Reduce the concentration of the elution buffer. Insoluble proteins as such readily precipitate therefore, greater concentration of ions is not desirable. Its best to try an alternate buffer if decreasing the concentration does not help! 

A possible problem is with the refolding itself, rather than the elution. The protein may not refold well on the column, so that it aggregates when eluted. You may need to change the procedure, using a different refolding buffer or changing the timing or changing the temperature. It might help to bind the protein to the column at a lower density by mixing a larger amount of the resin into the protein solution, then pouring the column.

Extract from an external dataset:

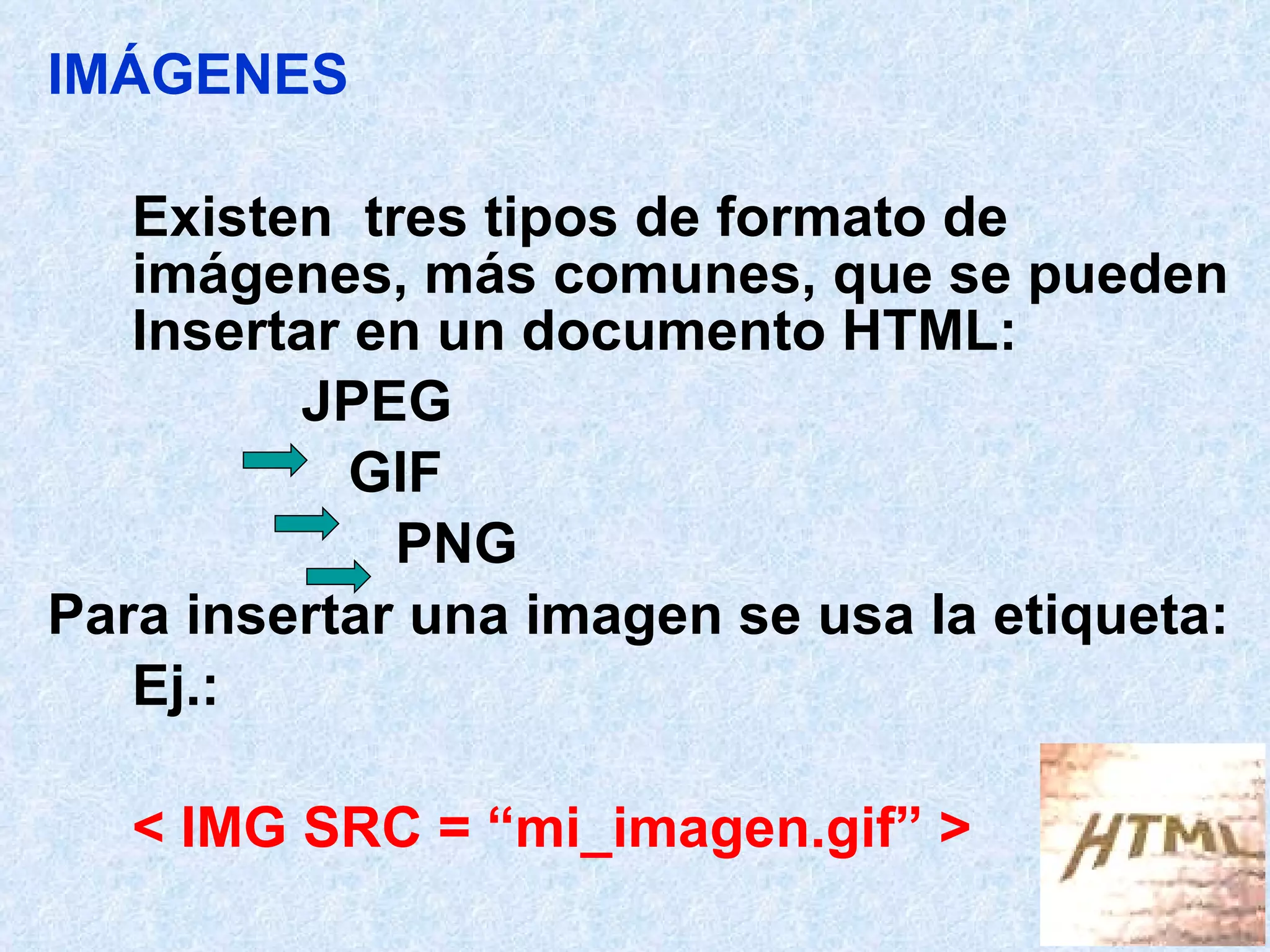 IMÁGENES  Existen  tres tipos de formato de imágenes, más comunes, que se pueden Insertar en un documento HTML: JPEG   GIF   PNG Para insertar una imagen se usa la etiqueta: Ej.:  < IMG SRC = “mi_imagen.gif” >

You may want to try refolding in solution instead, by diluting the urea-denatured protein dropwise into a large volume of refolding buffer with rapid mixing. Dialysis can be used in order to slowly reduce the urea concentration.

There are also kits that allow you to test various reagents to assist in refolding.

I'd complete the purification under denaturing conditions and screen for refolding solubility in a DOE.  A 1:20 dilution into refolding buffers and screen for movement of the protein through a small MWCO spin filter has proven a good method, larger aggregates will be retained or precipitate into the membrane and 24 conditions can be screened in a couple hours in a typical microfuge with A280nm monitoring. Keep in mind that TCEP will be needed during the purification if there are aberrant disulfides and then a GSH/GSSG  mix in the refolding.

There are no "standard refolding conditions" you must explore a rather complex experimental space to get refolded/soluble protein,. Refolded/soluble does NOT necessarily mean it has a native fold either.

Thanks Everyone for your valuable suggestions.

Adam: I will try to refold the protein in-solution using slide dialyzer and see if it gets any better.